Seven excellences of the state of innocence
Finally, Pererius beautifully enumerates in the preface to book 5 seven excellences of the state of innocence. The first was full wisdom; the second, grace and friendship with God; the third, original justice; the fourth, immortality and impassibility of soul and body -- not intrinsic, such as exists in the glorious bodies of the blessed, but extrinsic, arising partly from God's protection, partly from man's prudence and foresight, by which he would have guarded himself from harmful and injurious things. And these resided in man himself; but the three remaining were outside man, namely: fifth, habitation in paradise and eating of the tree of life; sixth, God's special care for man. Whence followed the seventh, namely that man could not have experienced concupiscence, nor sinned venially, says St. Thomas, nor erred, nor been deceived -- but concerning uncertain matters he would have either suspended judgment or formed a doubtful one. For these things do not seem able to be produced by a habit or created quality implanted in man, but only by the assistance and protection of God.
Understand this concerning the state of full and perfect innocence, in which Adam was created, namely that he was free from all evil, both of guilt and of punishment and misery. For otherwise, if God had permitted him to fall into a state of semi-complete innocence, he could have sinned venially, and also erred and been deceived, as Scotus rightly teaches. On which matter see Francis of Arezzo on Genesis, p. 450.
Seven virtues of Christ that would not have existed in the state of innocence
On the contrary, through Christ a greater grace has been restored to us than was given to Adam, and thus we now have seven virtues that would not have existed in the state of innocence: the first is virginity; the second, patience; the third, penitence; the fourth, martyrdom; the fifth, fasting, abstinence, and all mortification of the flesh; the sixth, religious poverty and obedience; the seventh, mercy and almsgiving -- for then there would have been no poor or wretched people, to whom we now abound, so that we may exercise mercy toward them.
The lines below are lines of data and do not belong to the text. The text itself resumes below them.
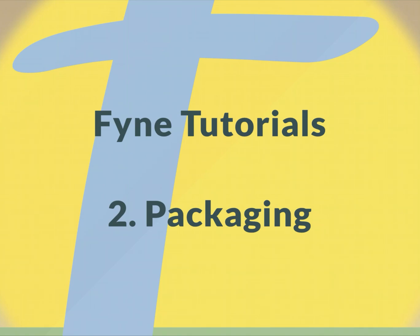Welcome back to the Fyne tutorials. In the second video, we're going to look at how to package your application.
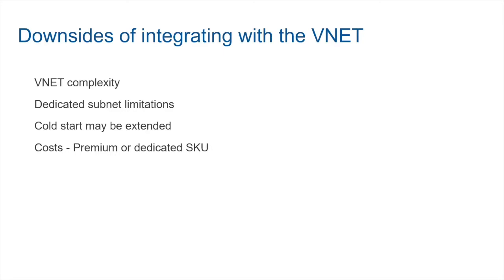As we have seen previously, in the consumption plan, you're only paying for the number of times the function is getting invoked, and you're able to scale seamlessly. So looks like there are some downsides. When would you be looking at integrating your Azure functions with virtual network, and when can you take advantage of the consumption plan that we have talked about?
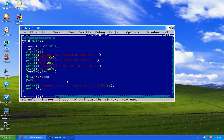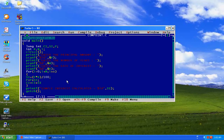We will save it, compile it — there is no error, there is no warning — and run it. Let us enter 1000 as principal, 5 years, and 10 as rate of interest. Now we will enter 100, 2 years, 10 as rate of interest, and we get compound interest to be 10.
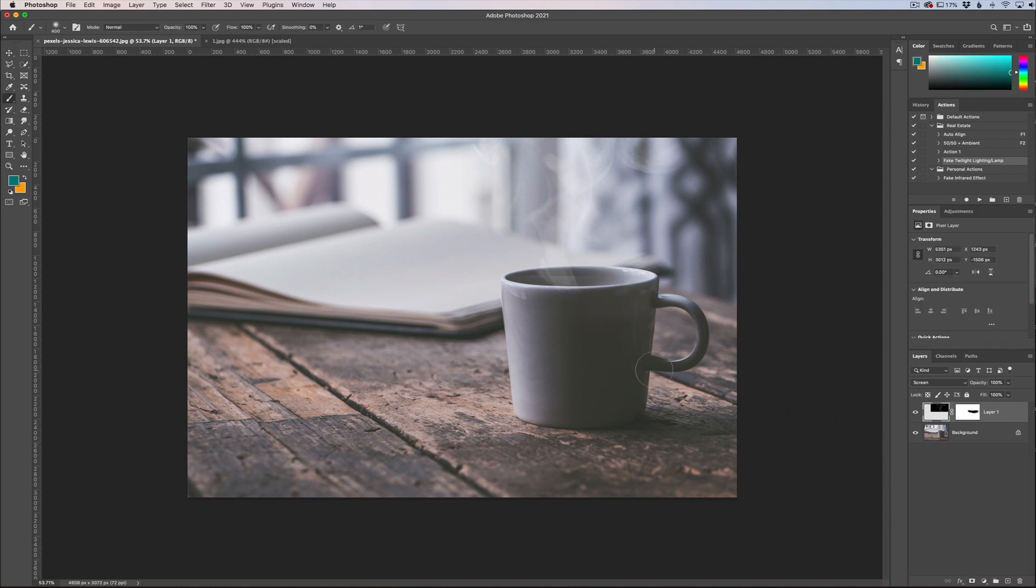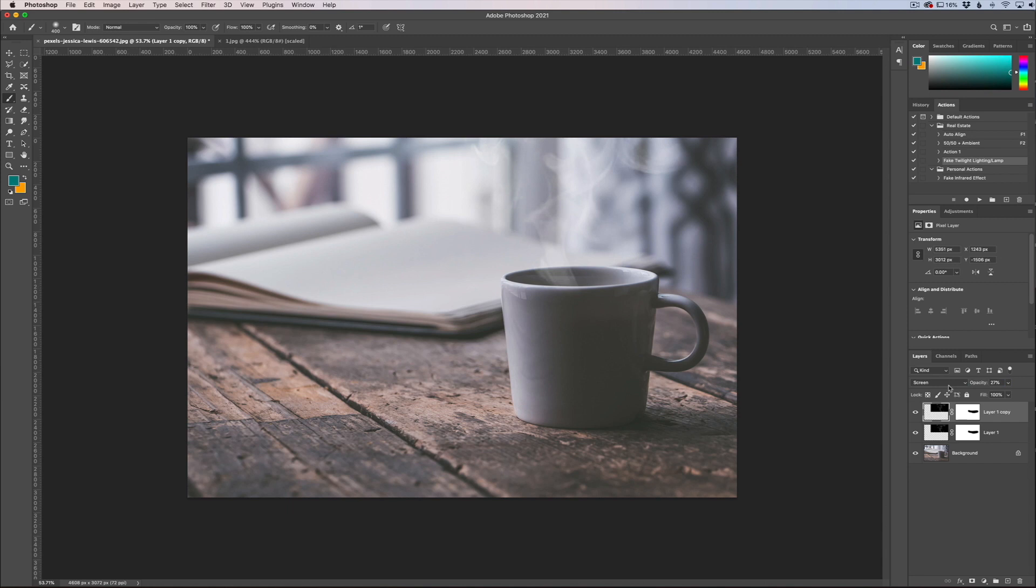Now if you want the steam to show up a little bit more you can actually duplicate this and then play with the opacity to lessen it or enhance it a little bit. So that's how to add steam quickly to your photos in Photoshop.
Finally, a greater and more effective grace is now given to fallen man than was given to Adam, as is evident in the Martyrs and other illustrious Saints. Hence the capacity for meriting is also now greater, both by reason of greater grace and by reason of the difficulty of the work -- although in the state of innocence the capacity for meriting would have been greater by reason of the readiness of the will. For the will would then have been entirely upright, having no passions contrary to virtue, and would have been carried to the virtues by the ready impulse of nature and grace, and thus would have elicited many intense, great, and heroic acts of all the virtues.